Cancer systems biology; Machine learning

Introduction

Nasopharyngeal carcinoma (NPC) is a malignant tumor originating from the mucosal epithelium of the nasopharynx. In 2020, there were 96,371 new cases and 58,094 deaths worldwide, with over 70% of new cases occurring in East and Southeast Asia, revealing a highly uneven global distribution.^1,2

Patients with early stage NPC exhibit a high overall survival rate after treatment.³ However, due to the atypical symptoms often associated with early stage NPC and the possibility of asymptomatic cases, the majority (>70%) of patients are diagnosed at an advanced stage of NPC. For the early screening of NPC, endoscopy is considered to be indispensable. The ultimate gold standard for diagnosing NPC is nasopharyngeal endoscopy-guided biopsy of abnormal nasopharyngeal lesions.⁴ Hence, it is particularly important for endoscopists to observe the morphological characteristics of masses through endoscopy and make preliminary judgments. However, distinguishing nasopharyngeal inflammation, lymphoid hyperplasia, adenoid hypertrophy, and residual adenoid tissue from early NPC under endoscopy can be challenging, resulting in false-negative outcomes.^5,6,7 Atypical and small lesions may require multisite and repeated biopsies to improve detection rates. Repeated biopsies increase patient trauma and may delay treatment. Therefore, accurately identifying lesions and localizing biopsy sites are critical for early tumor diagnosis. However, not all endoscopists possess the necessary training, experience, or equipment to adequately identify and localize nasopharyngeal lesions, particularly early stage, insidious lesions. In addition, repeatedly reviewing endoscopic images of NPC can be time-consuming and mentally exhausting for endoscopists, as the human eye and brain are less sensitive to identifying lesions. Consequently, developing automatic computer-aided detection (CADe) and diagnosis (CADx) systems to support physicians in diagnosing NPC is crucial.

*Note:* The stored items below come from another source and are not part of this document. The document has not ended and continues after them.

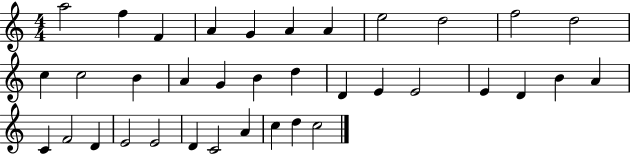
{
  \clef treble
  \numericTimeSignature
  \time 4/4
  \key c \major
  a''2 f''4 f'4 | a'4 g'4 a'4 a'4 | e''2 d''2 | f''2 d''2 | \break c''4 c''2 b'4 | a'4 g'4 b'4 d''4 | d'4 e'4 e'2 | e'4 d'4 b'4 a'4 | \break c'4 f'2 d'4 | e'2 e'2 | d'4 c'2 a'4 | c''4 d''4 c''2 | \break \bar "|."
}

Computer-aided systems employing machine learning (ML) and deep learning (DL) techniques, such as convolutional neural networks (CNNs), can enhance disease detection and diagnostic accuracy and efficiency. By learning feature information from input images, CNN models can recognize specific patterns and correlate them with predefined results or parameters (output detection or diagnosis) to train network parameters. In recent years, CNNs have emerged as a promising method for image recognition or classification, serving as the foundation for automated image perception, processing, and decision-making. CNNs have proven highly beneficial in endoscopy and have been applied in various medical endoscopy imaging areas. For example, a large-dataset DL model was developed for the detection of upper gastrointestinal tumors in digestive endoscopy, an ear endoscopic image classification model based on DL was developed and validated, a DL model was applied to laryngoscopy for real-time laryngeal cancer detection, and a real-time system using DL was applied to detect and track ureteral orifices during urinary endoscopy.^{8,9,10,11,12,13,14} In the field of endoscopic NPC recognition, several studies have developed artificial intelligence models based on static endoscopic images, demonstrating their feasibility and recognition performance. However, these models often require a balance of high accuracy and fast inference speed, impeding real-time dynamic detection in video nasopharyngeal endoscopy.^{15,16,17,18,19} Furthermore, existing studies have mainly focused on the recognition and classification of endoscopic images of NPC, which makes it difficult to accurately locate lesions in images. This is obviously unfavorable for guiding inexperienced doctors to perform biopsy site selection. In addition, as these studies rely on single-center datasets, the actual performance, generalization, and robustness of the models still need to be investigated.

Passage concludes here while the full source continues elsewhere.